Part 2 of Two Brothers + an Over-told Story : Response is Key

In part one of this post, we looked at the events leading up to this crucial moment in time in the events in Exodus.

  • Moses, Aaron, and the Israelites all experienced God’s awesome undeniable power and deliverance
  • and yet, while Moses was coming down from a mountain top experience with God, Aaron led the charge of creating and worshiping an idol despite the amazing plans God had for His future (more details on all this in the part one of this post series). So – as I said last week – here they are – Moses frustrated and enraged, and Aaron leading a charge against everything he’d just witnessed. What’s a brother to do? Let’s look at their responses:

First, Aaron’s initial response when being confronted by Moses was deceitful to himself. Aaron made it seem like he had needed to please the people, but the truth is that other people can only tempt us, not force us to sin. (Matt Henry) Rather than responding in recognition of his wrong, he rationalized and justified his choices. Until we recognize and own up to our choices, we cannot recognize our need to repent, we won’t desire forgiveness, and thus cannot find or accept mercy or grace. If you are Moses and you are watching your loved one self-destruct and enter denial or try to hide it from you, it sounds hopeless right? But Moses is an example of what one in the bystander situation can do.

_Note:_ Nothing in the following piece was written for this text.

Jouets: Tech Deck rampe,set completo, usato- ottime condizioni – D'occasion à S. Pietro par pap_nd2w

Moses pleaded with God for mercy for his brother and the people even before Aaron or the Israelites may have recognized their wrong and need for mercy. If you look at the text, it is the act of pleading for mercy on behalf of the people in sin that invokes God’s compassion to work in tandem with his justice all while still accomplishing His purpose. I believe this is an all too symbolic picture of how Christ pleads to the Father on our behalf. (Matt Henry) God wants us to have a heart like Christ and to teach us forgiveness, love, grace, and mercy …and yet He also wants to teach us and help us understand the cost of it to the one who gives it. When we can be like Moses and go to God on behalf of a brother or loved one for mercy – especially at the risk of it costing us in some personal way…whether it be time, upset between you and that person when you need to speak truth and expose sin, energy invested in prayer, or heartache and submission to however He might choose to use us to encourage change in the individual – we experience and understand just a tiny glimpse of the cost Jesus paid on our behalf. This scripture is encouraging to me because it shows that Moses’s prayer for mercy on behalf of an undeserving, cretinous people did have an impact on God’s response to the people. Our prayers for people, even before they recognize their need for change, are heard and are not in vain.

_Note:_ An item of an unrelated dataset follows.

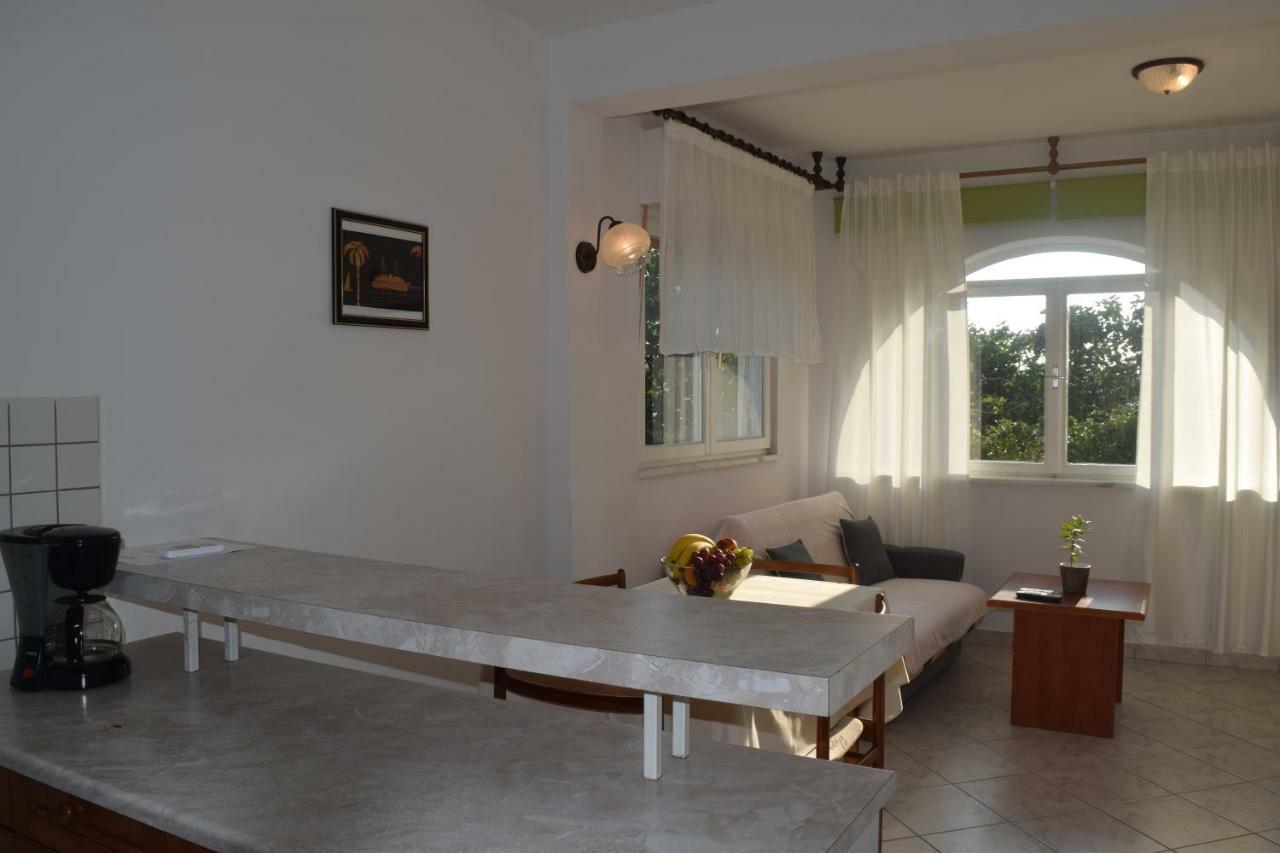 Apartmani Andela I Mladen Debelic Rab Town Buitenkant foto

Though Moses pleaded for mercy on behalf of Aaron and the Israelites, there eventually came a time where they were called to choose sides and decide their own destiny. Moses asked “Who is on the LORD’s side?” What happened then and there was a deciding factor that preceded the death and destruction of those set on persisting in wickedness. While it is God’s decision and timing alone, there will always come a point in time where every person makes the ultimate choice, and those who persist on continuing in sin, who openly stand forth as those that choose openly and firmly to stand against the Lord and thus the ones on the Lord’s side – and are firm and happy in it – they are destined for judgement and ruin. (Matt Henry)

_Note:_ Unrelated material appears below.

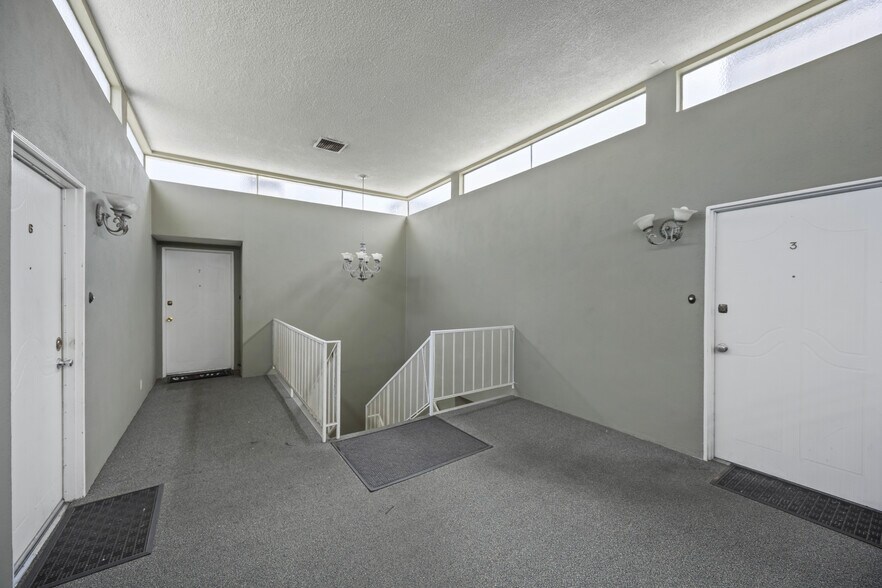 More Photos Of 500 S Inglewood Ave, Inglewood Apartments For Sale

And Finally, Aaron – praise the Lord – did not stay in denial long before returning to God’s side. The Bible says that He who began a good work in us will carry it out to completion (Phil 1:6). I believe we saw the good work begun in Aaron back in Egypt, and despite his foolish choices, God’s mercy in this situation made it >

  • possible for Aaron to still live the calling to which God intended for him >
  • but with a deeper level or understanding that he was unworthy of his calling apart from any reason other than the grace of God. (Matt Henry) What good is it if we have an exciting and important calling from God, yet we somehow deceive ourselves into thinking we are worthy of it in any way apart from under the righteous goodness of Christ? Like the specific and intricate priestly garments he would soon wear (that symbolized the righteousness of Christ that we all must wear to appear justified and blameless and redeemed before a holy God), Aaron needed to know full well that it wasn’t he who was worthy but God whose grace and mercy and righteousness that made him worthy.  This is also so true for us. Aaron may have fallen to temptation and experienced a major defeat, but God took what Satan meant for evil and worked it for good in the end so that any pride and boasting about the high call on Aaron’s life may be silenced and prevented.(Matt Henry) Instead of anyone thinking it was he who earned the position, or instead of him beginning to think he’d deserved any of the positions God would place him in, he would now know he was undeserving and that he would fulfill his role because of God’s grace alone. The grace and ability of God would be the only thing magnified in his role as a priest…not his own ability.